I think there’s lots of interesting business models out there that people are doing for open source, and I think there’ll be a lot of innovation in business models as well as in software.

“As a researcher and as an academic, I’m just thrilled that people in the real world are willing to try out and use and adopt and deploy open source software because that gives us direct influence.”

The biggest challenge might be converting users of good free products into paying customers.

I think that’s going to be a big challenge for these companies. … Although I would like to say as an academic, I love the fact that open source is taking over the world.

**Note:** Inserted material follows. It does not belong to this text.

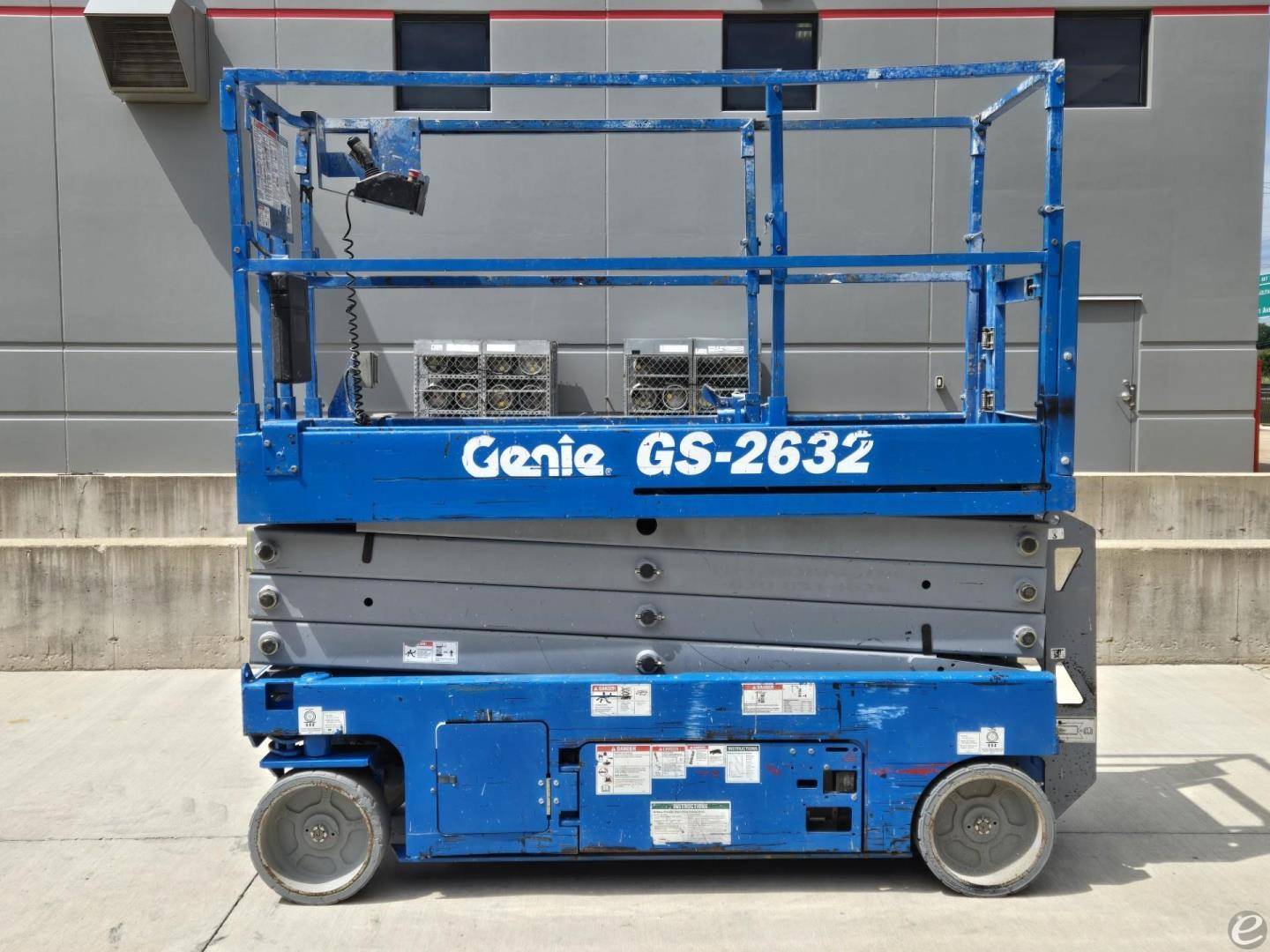 2013 Genie GS2632 Electric Scissor ...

I’ll go back into grumpy-old-database-guy mode: The way I used to have to do my work, and all the people in my field used to have to do the work, is we would come up with a new algorithm, a new join method, a new index, a new whatever, and we would do some prototyping to show it was a good idea. Then, we would make the rounds and we would go to Oracle and IBM and Microsoft and these companies, and we’d tell people about this great thing that we had come up with. Those people would either ignore it or put it into their product, and sometimes you didn’t even know.

But we were always one big step removed from actual users. Open source has just completely removed that barrier. Now, a student in our lab has good idea, they code it up, it looks like it works, they put a little more work into it to make it so that other people can understand what it’s doing and use it, and they put it out on GitHub and all of a sudden, it’s out in the real world.

We actually had a case recently where Evan Sparks, one of the students in the lab, gave a talk at our research retreat where we meet with the sponsors. During the retreat, a lot of students were getting up and saying, “Here’s the piece of the stack that I’m working on. Here’s what it does.” At the end, they would say, “Oh, there will be an alpha release of this at the end of the month, or we did an alpha release of this last week, or whatever.”

Evan gets up and he talks about Keystone ML, our machine learning pipeline system. He says, “And there’ll be an alpha release of the system right now.” He brings up, in front of 200 people, his GitHub page, and flips the switch from private repository to public. This is all about removing friction from having a really good idea and showing that it works and building an artifact that shows that it works, to actually having people get to use it and try it out and maybe adopt it. That friction is just gone.

As a researcher and as an academic, I’m just thrilled that people in the real world are willing to try out and use and adopt and deploy open source software because that gives us direct influence. And you’re seeing that with the impact that AMPLab is having.